Lead scientist on first picture of black hole, nearly 25 billion miles across: "Our jaws dropped"

Black hole image reveals cosmic first: "Our jaws dropped"

For the first time, we are seeing an image of one of the most mysterious and fascinating corners of the universe: a black hole with 6.5 billion times the mass of our sun. It is devouring the insides of a galaxy about 55 million light years away.

It's a major milestone for cosmologists, reports CBS News correspondent Mark Strassmann. Black holes are the universe's most powerful vacuum. They inhale everything – not even light can escape their pull.

A scene from "Interstellar" was thought to be the most realistic movie depiction ever of a black hole. Turns out, Hollywood's fantasy was close to reality.
 
"When we saw this come into focus, our jaws dropped," astrophysicist Shep Doeleman said.
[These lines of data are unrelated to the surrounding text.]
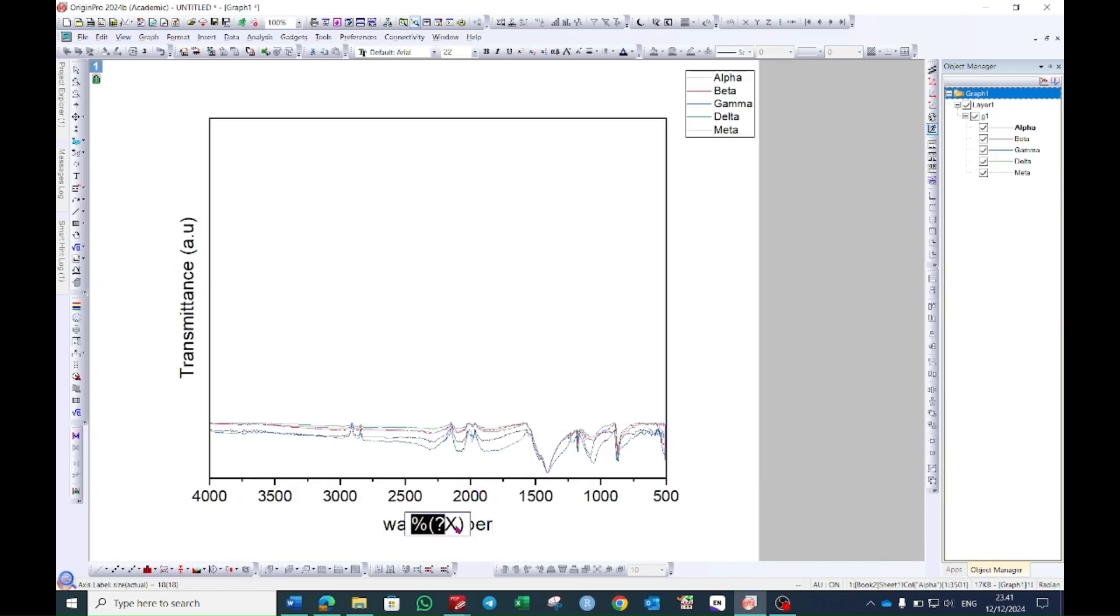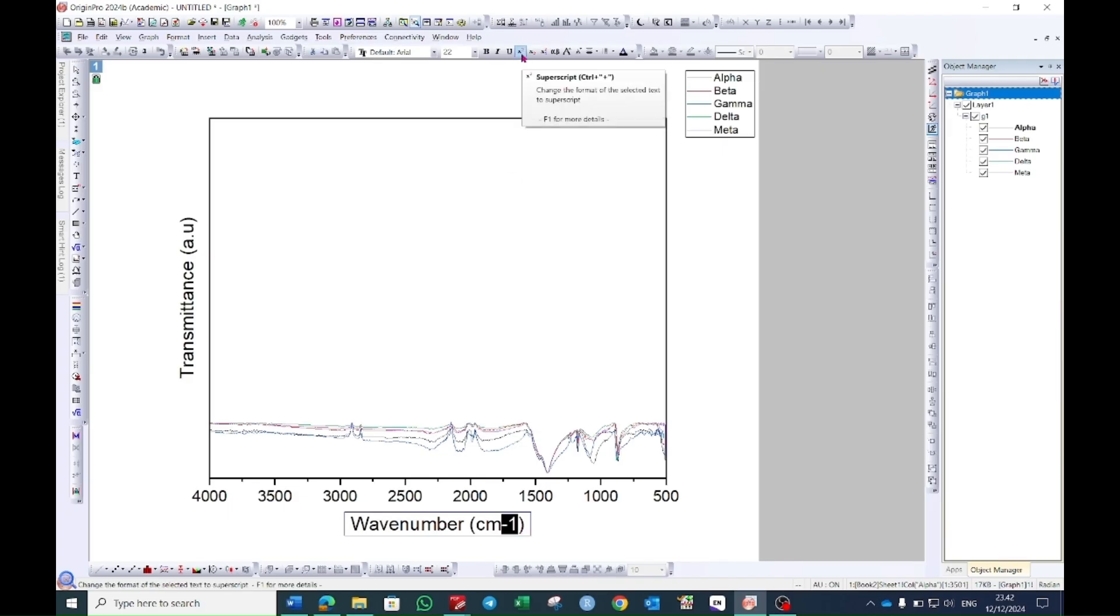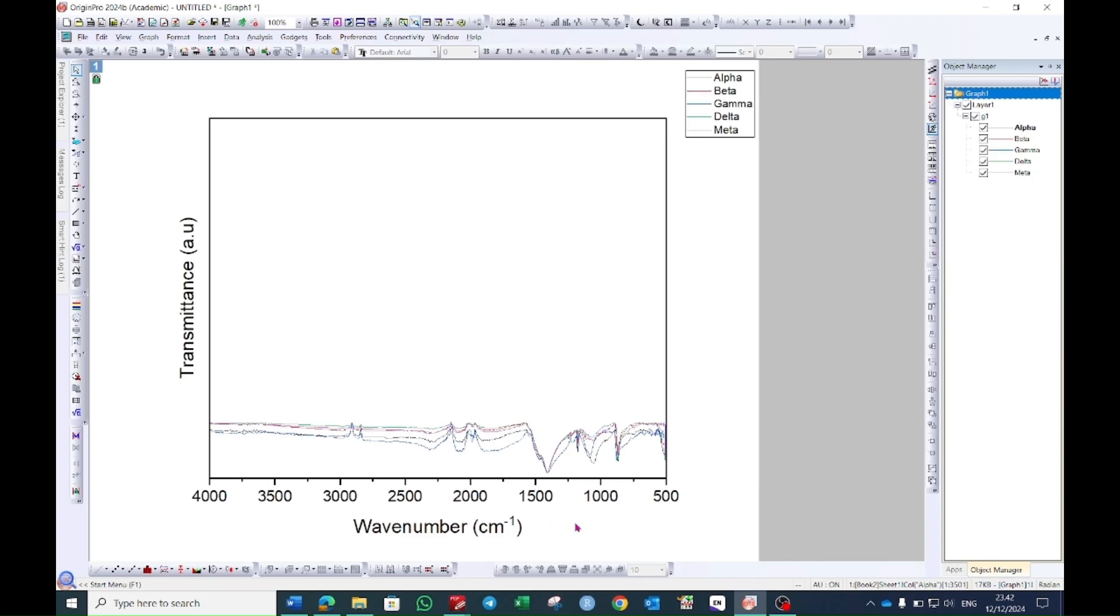Double select the y-axis and make it as wave number and then give the unit which is centimeter minus one. Now select this minus one and in this tab you will see here which is superscript. Select this one and it will make it as superscript.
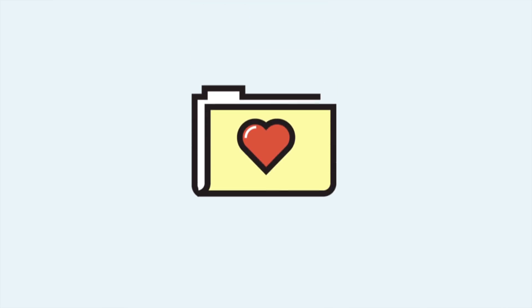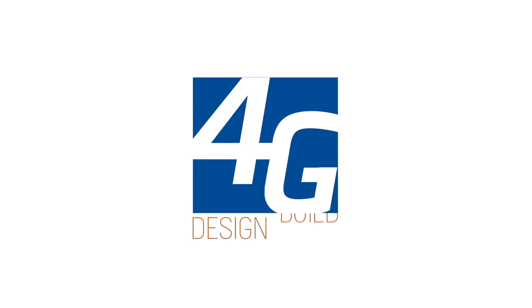Like we said before, we kind of like manila folders, and we kind of love building homes for people like you. Get your folder ready and contact 4G Design Build.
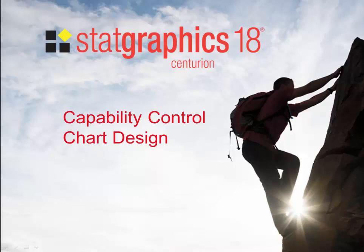This video describes the design of capability control charts. In particular, it covers the determination of adequate sample sizes for estimating the capability indices.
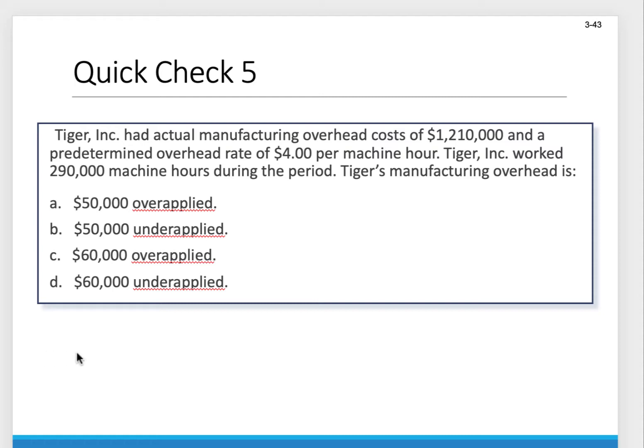Let's look at another example. Tiger Company had actual manufacturing overhead costs of $1,210,000 and a predetermined overhead rate of $4 per machine hour. They actually worked 290,000 machine hours during the period. We need to figure out: did they underapply or overapply?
He leads an international team of scientists that unveiled this circular silhouette against the glow of superheated matter swirling into its dark abyss.
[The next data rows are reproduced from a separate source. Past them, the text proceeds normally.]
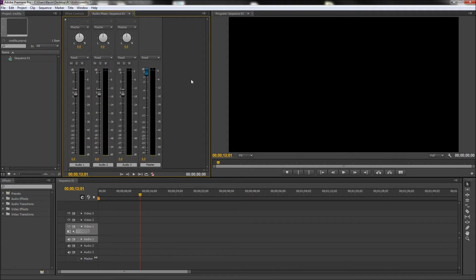Today in Premiere, we're going to be taking a look at how you can set up your own Hollywood-style scrolling movie credits.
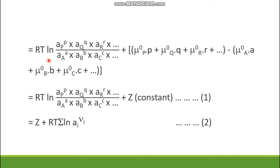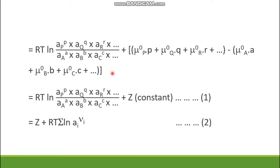The expression can be divided into two terms: the logarithmic part together, and the remaining constant part. The logarithmic term gives RT ln[(activity of P)^p × (activity of Q)^q × ...] / [(activity of A)^a × (activity of B)^b × ...]. The second term involves the standard chemical potentials: p·μ⁰P + q·μ⁰Q + ... minus a·μ⁰A + ... This constant part is defined as Z, so ΔG = RT ln(this ratio) + Z.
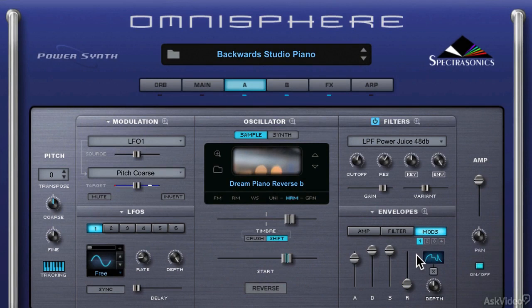As you can see, enabling envelopes in the filter and modulation section can really help you shape your sound in an interesting way. Experiment with it and come up with some really cool takes on sounds that are already in the preset library.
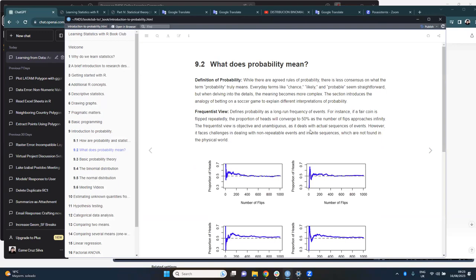The next part of the book is about what probability means. Informally we could define it as chances or likelihood, but defining it more formally could be really challenging. Indeed, there are different points of view about what probability is. The book introduces these differences by using an example about betting on a soccer game.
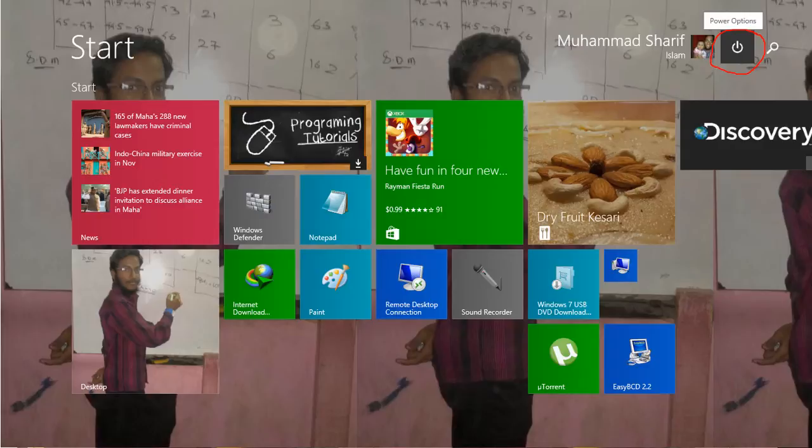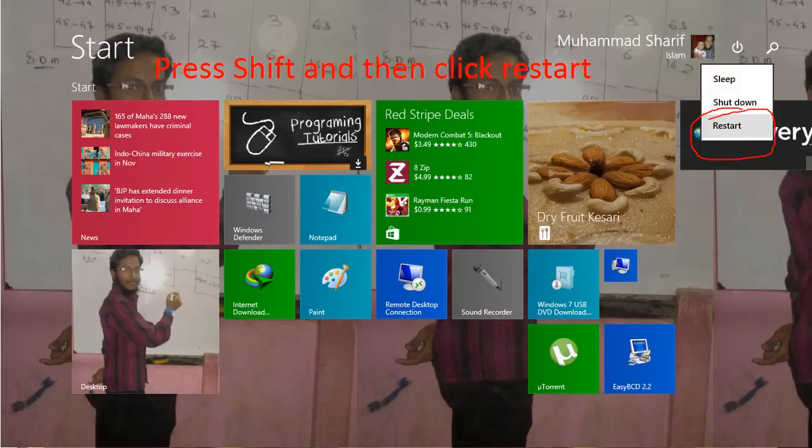Or you can go to the power options in the start screen. Press shift and then click on restart.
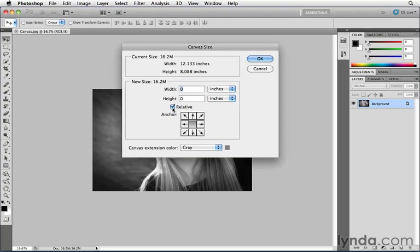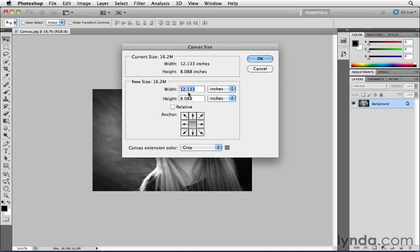Now, the default is to have this option called Relative not turned on, and what that's showing you is the current size of the image. The canvas is 12.133 by 8.08, and then I have to sit there and do some math. Okay, if I want three quarters of an inch to be added to all four sides, I have to do 0.75 times 2 is 1.5, and then I've got to do 12.133 plus 1.5. It's too much math.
It's a cosmic first – visual proof of the supermassive black hole. It is nearly 25 billion miles across, almost the size of our solar system, in the center of a nearby galaxy called Messier 87.
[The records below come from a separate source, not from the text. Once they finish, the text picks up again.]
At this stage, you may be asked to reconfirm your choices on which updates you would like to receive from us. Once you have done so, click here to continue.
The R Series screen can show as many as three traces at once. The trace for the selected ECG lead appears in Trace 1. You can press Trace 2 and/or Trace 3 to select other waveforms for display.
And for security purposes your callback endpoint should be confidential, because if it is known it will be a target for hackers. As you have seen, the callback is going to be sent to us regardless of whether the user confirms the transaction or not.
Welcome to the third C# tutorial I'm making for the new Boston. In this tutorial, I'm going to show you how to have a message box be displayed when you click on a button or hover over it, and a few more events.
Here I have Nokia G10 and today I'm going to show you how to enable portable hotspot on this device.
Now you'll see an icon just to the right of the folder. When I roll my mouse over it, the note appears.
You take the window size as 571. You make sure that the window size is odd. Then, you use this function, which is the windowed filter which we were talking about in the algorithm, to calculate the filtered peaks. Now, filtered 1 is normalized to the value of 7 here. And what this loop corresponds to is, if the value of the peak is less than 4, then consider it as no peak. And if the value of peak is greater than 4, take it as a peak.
"I think this image will be an important part of astronomy going forward for years to come," Doeleman said, adding, "To know that these monsters exist, that is humbling."

This image released Wednesday, April 10, 2019, by Event Horizon Telescope shows a black hole. Scientists revealed the first image ever made of a black hole after assembling data gathered by a network of radio telescopes around the world. Event Horizon Telescope Collaboration/Maunakea Observatories via AP

Cosmologists believe black holes are born when a colossal object, like a supersized star, dies and collapses in on itself. The result is a bottomless sinkhole where all known laws of physics fall apart.

Just like in the movies, their irresistible gravitational pull swallows anything that strays too close.

Capturing the historic image was said to be like spotting a donut on the surface of the moon. Scientists had to synchronize eight radio telescopes on four continents. Four imaging teams on supercomputers needed two years to crunch all the data.

"It's amazing to me that we can ... see a supermassive black hole in the heart of a galaxy 55 million light years away. You can't make it up," Doeleman said.

Albert Einstein's relativity theories first predicted black holes more than a century ago, but even he thought they were too bizarre to actually exist. Now scientists think black holes lurk in the hearts of other galaxies. An image of the one closest to us inside the Milky Way could be next.